Hope that helps. – Thanks for your comment.
- Oliver
Hi,
thanks for this nice manual at first.
I guess I’ve got a very tricky configuration.
I did it step by step.
After upgrading from 10.5 I recognized that kerberos is not running. So I tried your steps. Besides of stopping OD Service
But after entering slapconfig -kerberize diradmin
I get this error: kdcsetup command failed with exit code 255
and have no clue what to do.
After this the “Kerberize” Button appeared in Server-Admin. But it looks like it does not accept any of my authentication. Neither sysadmin nor diradmin.
Hi Jon,
Glad you found the post useful.
This sounds like a strange one though!
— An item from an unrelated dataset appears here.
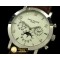 파텍필립 Classic Perpetual Calendar SS/LE White Num Asian 2813 -PP0126A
First off, when you started the stages above where there defiantly no kerberos services running? You can check this easily using the ‘ps aux’ command. Everything needs to be killed before running through the steps in the manual above.
Assuming there was nothing running I would try the following:
1) Do you see the diradmin and sysadmin users in workgroup manager? If so try just changing the password for these users from there, as it may just sort out any small corruption in the database.
2) The next thing I would check would be the DNS and Reverse DNS records. I might be an idea to enter the associated hosts into the servers local hosts file (/etc/hosts). All of the Directory services rely heavily on DNS records being correct.
3) Lastly you can add a ‘-f’ flag to the slapconfig command if you wish to force a server to be kerberized, but i’m not sure that would help much in this situation.
Failing all of the above could you post any relevant looking bits form the slapconfig.log up and i’ll have another go!
Thanks for your comment.
- Oliver
Hi Oliver,
thank you very much for your quick and extensive answer.
I checked it and did the steps of your manual again for beginning.
So I found out that there are some more issues on my system which I didn’t really cared for at my first run.
1. the command ‘dscl 127.0.0.1′ does not work. I have to take ‘dscl localhost’ instead.
2. same issue with ‘cd /LDAPv3/127.0.0.1/Config/’. Here I had to replace 127.0.0.1 to OS-X-Server, which is my servers name.
I guess this must be one reason why ‘slapconfig -kerberize diradmin’ does not works because I see in the logs that the contained commands use the same variables than yours.
But I don’t have any idea how and there to change this.
Maybe it might be better if I do a clean install and import the users. But than I don’t know how to import them with passwords because they are not included in the workgroup managers export. The import/export of archives feature in server admin does not work with my database. Maybe because of the same failures.
I thank you very much for your response! Hope you have an idea.
Hi Jon,
Nice, haven’t seen that one before! There’s clearly something going wrong with the mapping of the localhost address there, and it would defiantly explain why the slapconfig command is failing. Can you stick a copy of your /etc/hosts file up?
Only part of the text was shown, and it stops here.